***** Data in this exercise

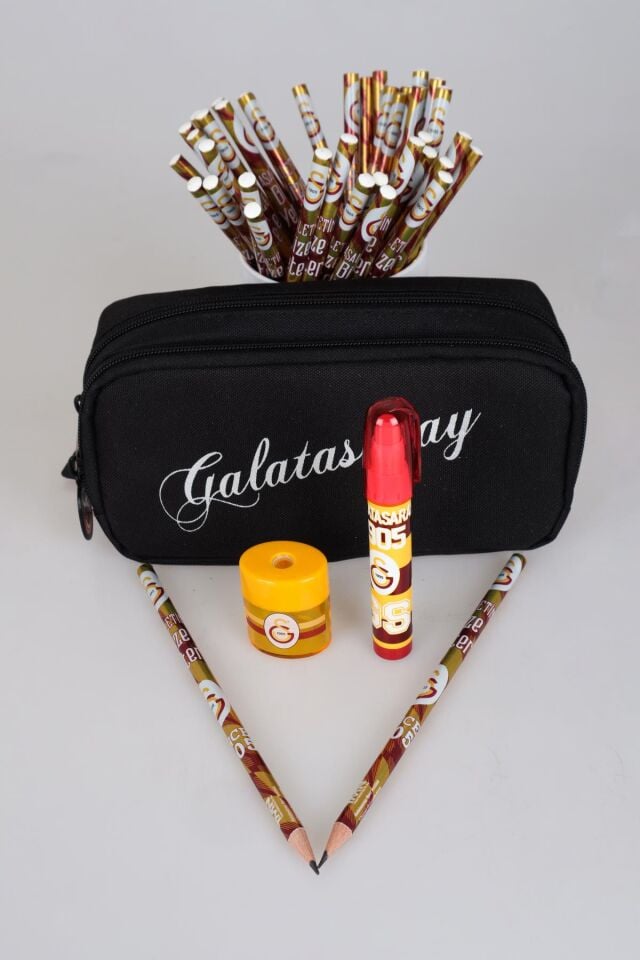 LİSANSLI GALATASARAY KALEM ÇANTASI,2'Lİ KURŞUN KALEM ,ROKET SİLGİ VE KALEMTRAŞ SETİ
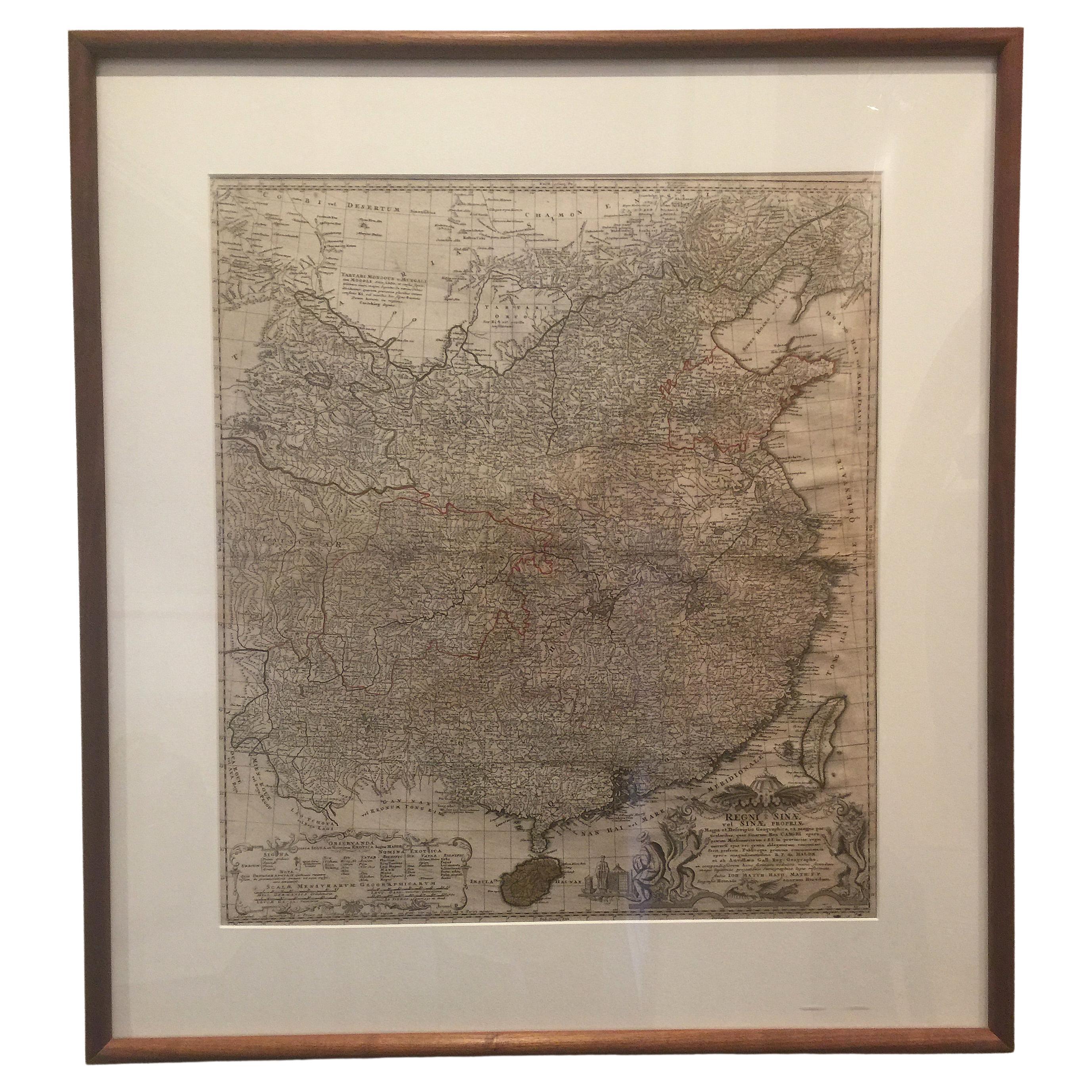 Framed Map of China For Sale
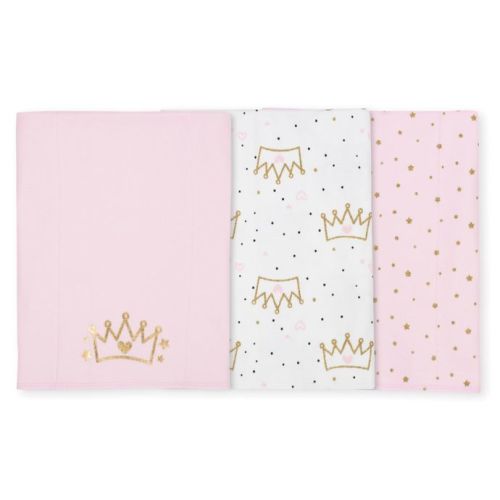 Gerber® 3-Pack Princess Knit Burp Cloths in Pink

**********
***** Data in this exercise

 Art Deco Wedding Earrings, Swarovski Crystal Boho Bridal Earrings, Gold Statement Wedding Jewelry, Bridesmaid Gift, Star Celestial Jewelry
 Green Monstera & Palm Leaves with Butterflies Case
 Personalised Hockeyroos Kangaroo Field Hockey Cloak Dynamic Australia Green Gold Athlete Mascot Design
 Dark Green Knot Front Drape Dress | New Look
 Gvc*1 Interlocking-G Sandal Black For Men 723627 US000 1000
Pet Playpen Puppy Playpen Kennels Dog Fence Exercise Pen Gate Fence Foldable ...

**********

What you will do: Your reply should hold nothing but the lines above, from the one containing "Framed Map of China For Sale" to the one containing "Gerber® 3-Pack Princess", reproduced exactly minus the pictures.

Task result:
 Framed Map of China For Sale
 Gerber® 3-Pack Princess Knit Burp Cloths in Pink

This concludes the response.